In the answer, each line from the top of the material through the line that contains "Rustic Autumn Floral" is restated exactly. No picture is given again.

● **Data extract**:
————————

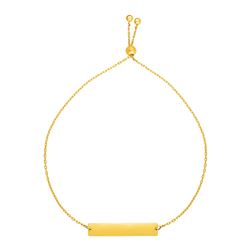 Adjustable Bracelet with Shiny Bar in 14K Yellow Gold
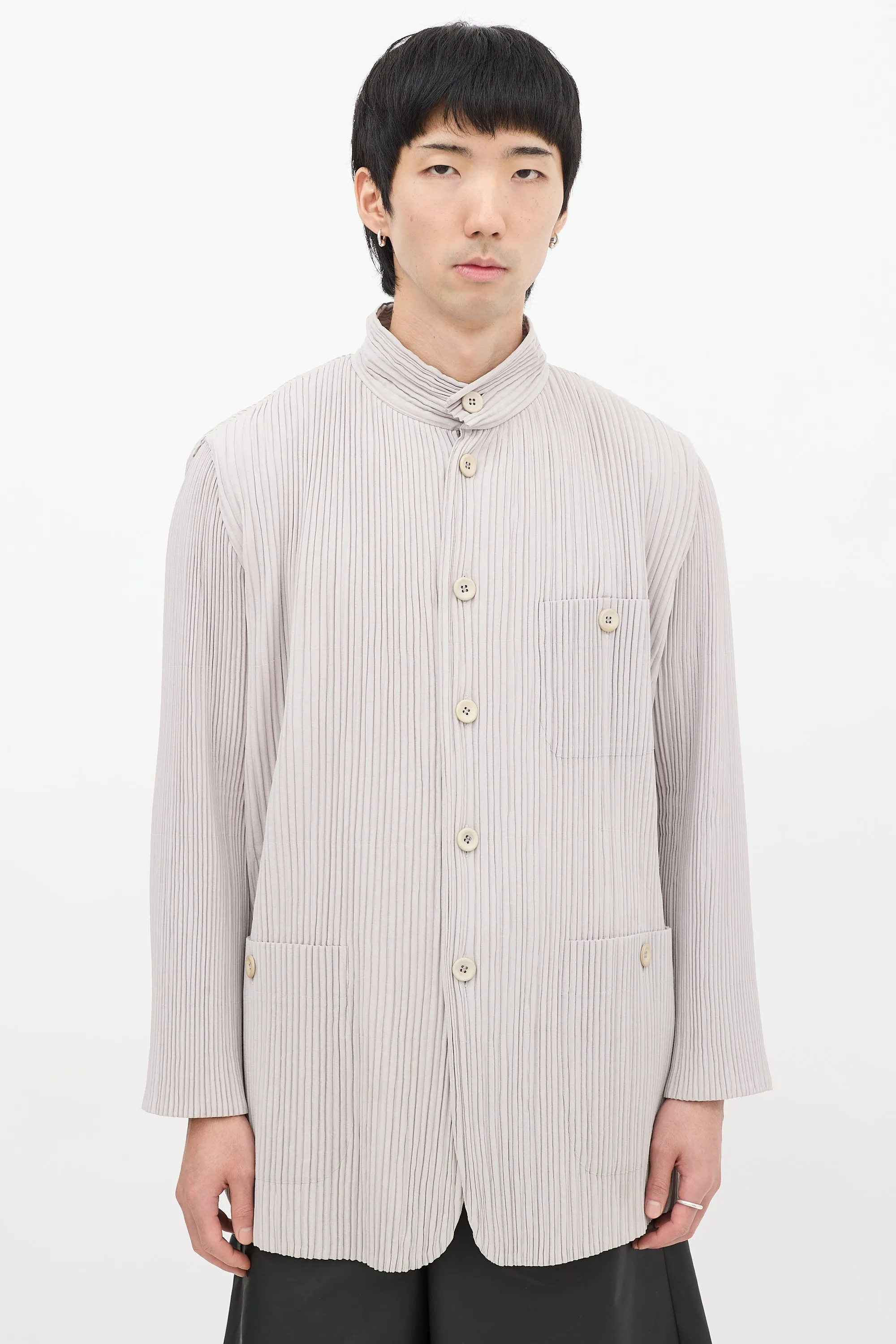 Grey Pleated Three Pocket Padded Jacket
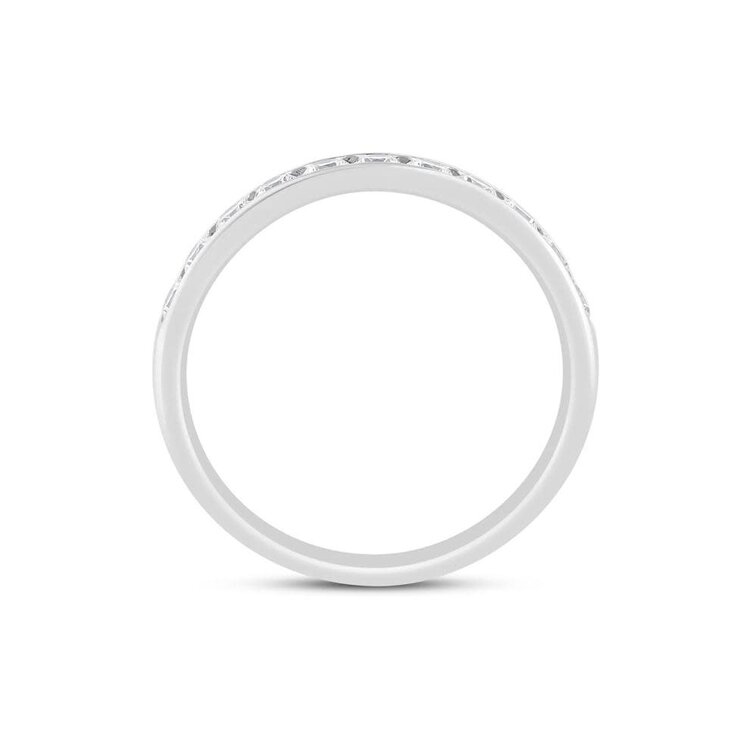 (X) 14K .50CT G SI2/1 BAND , WHITE GOLD 12 ROUND DIAMOND CHANNEL BAND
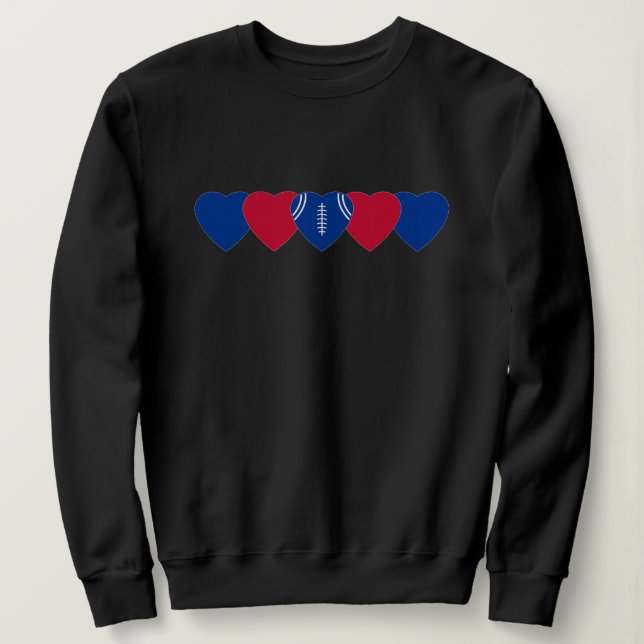 Buffalo Bills Heart Football Dark Sweatshirt (Design Front)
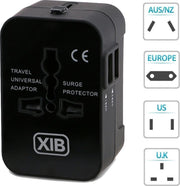 XIB Universele wereld reisstekker met 2 USB-poorten / Wereldstekker voor meer dan 150 landen o.a. Engeland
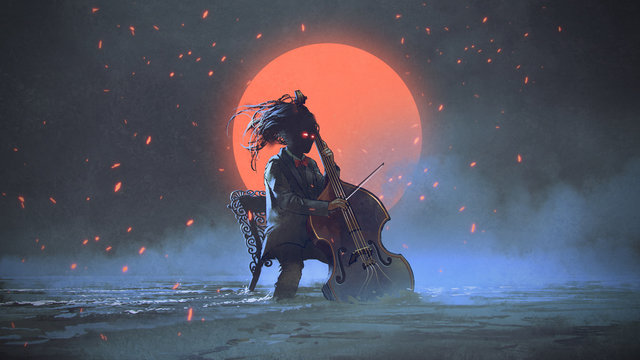 mysterious man sitting on a chair playing the cello in the sea aginst the night sky with the red moon, digital art style, illustration painting
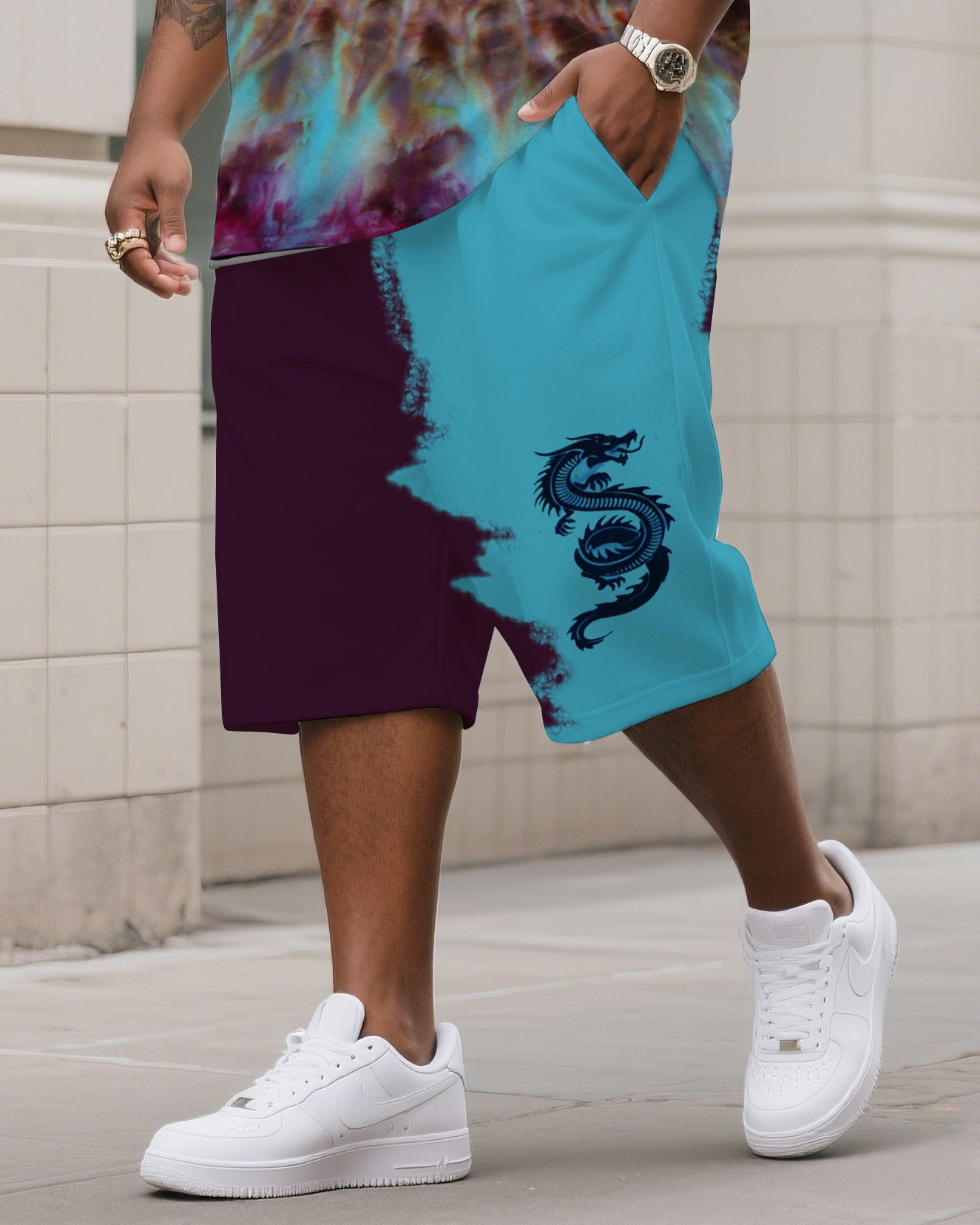 Big & Tall Colorblock Gradient T-Shirt Shorts Set for big men view 3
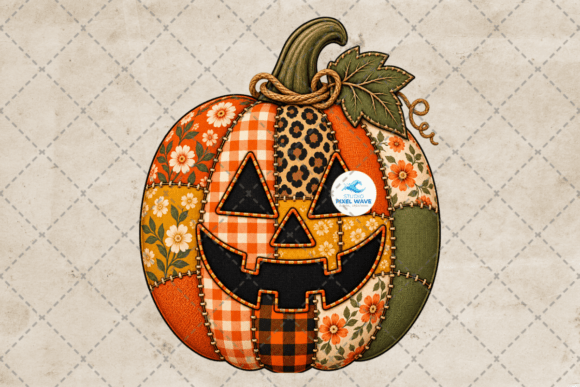 Faux Patchwork Halloween Pumpkin Png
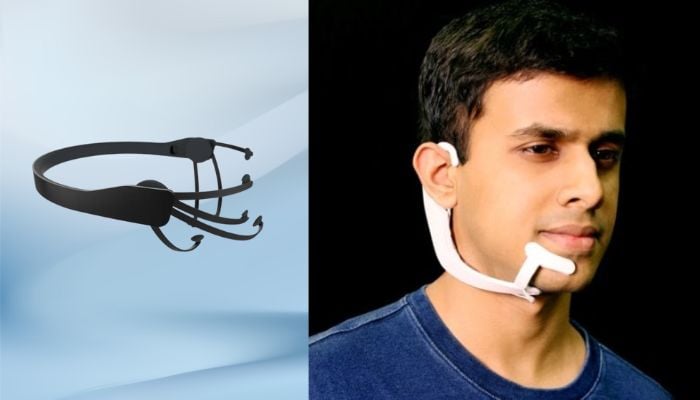 An undated image of person wearing AlterEgo device. — MIT Media Lab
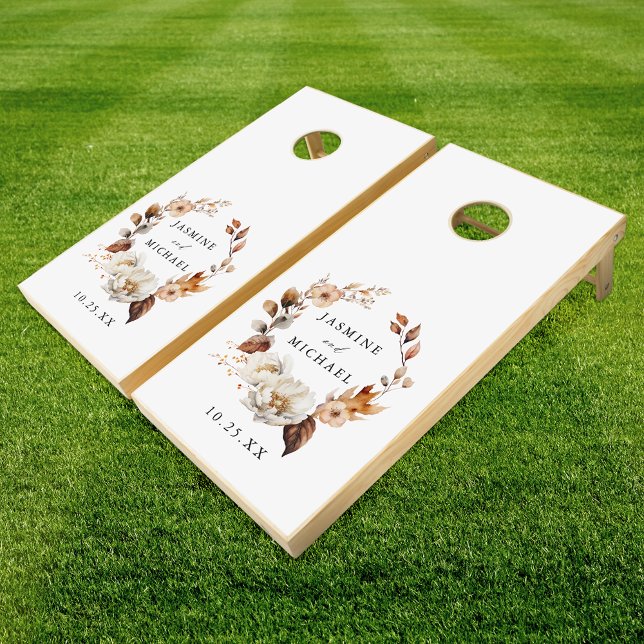 Rustic Autumn Floral Wreath Wedding Cornhole Set (Creator Uploaded)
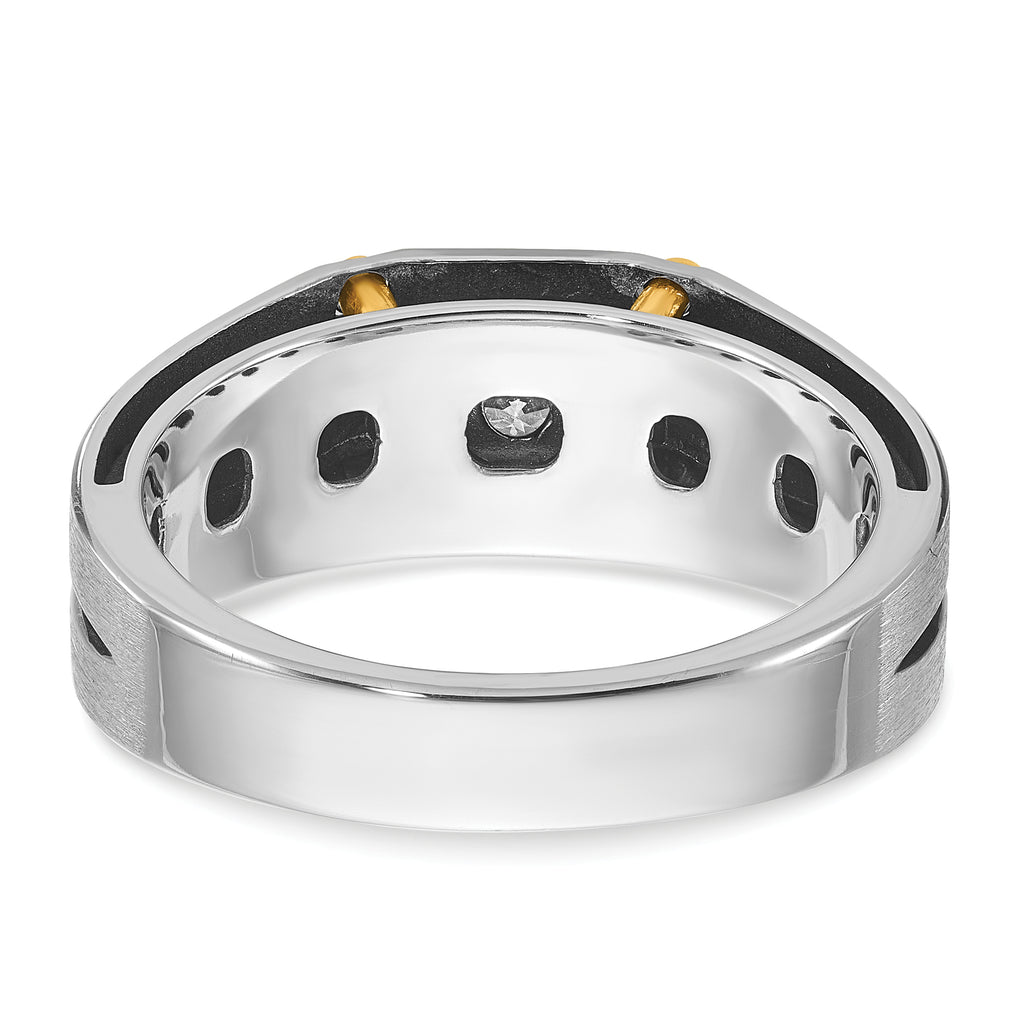 14k Two-tone Mens Polished and Satin 1/5 carat Diamond Complete Ring - Sophia Jewelers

————————

● **Answer to this exercise**:
 Adjustable Bracelet with Shiny Bar in 14K Yellow Gold
 Grey Pleated Three Pocket Padded Jacket
 (X) 14K .50CT G SI2/1 BAND , WHITE GOLD 12 ROUND DIAMOND CHANNEL BAND
 Buffalo Bills Heart Football Dark Sweatshirt (Design Front)
 XIB Universele wereld reisstekker met 2 USB-poorten / Wereldstekker voor meer dan 150 landen o.a. Engeland
 mysterious man sitting on a chair playing the cello in the sea aginst the night sky with the red moon, digital art style, illustration painting
 Big & Tall Colorblock Gradient T-Shirt Shorts Set for big men view 3
 Faux Patchwork Halloween Pumpkin Png
 An undated image of person wearing AlterEgo device. — MIT Media Lab
 Rustic Autumn Floral Wreath Wedding Cornhole Set (Creator Uploaded)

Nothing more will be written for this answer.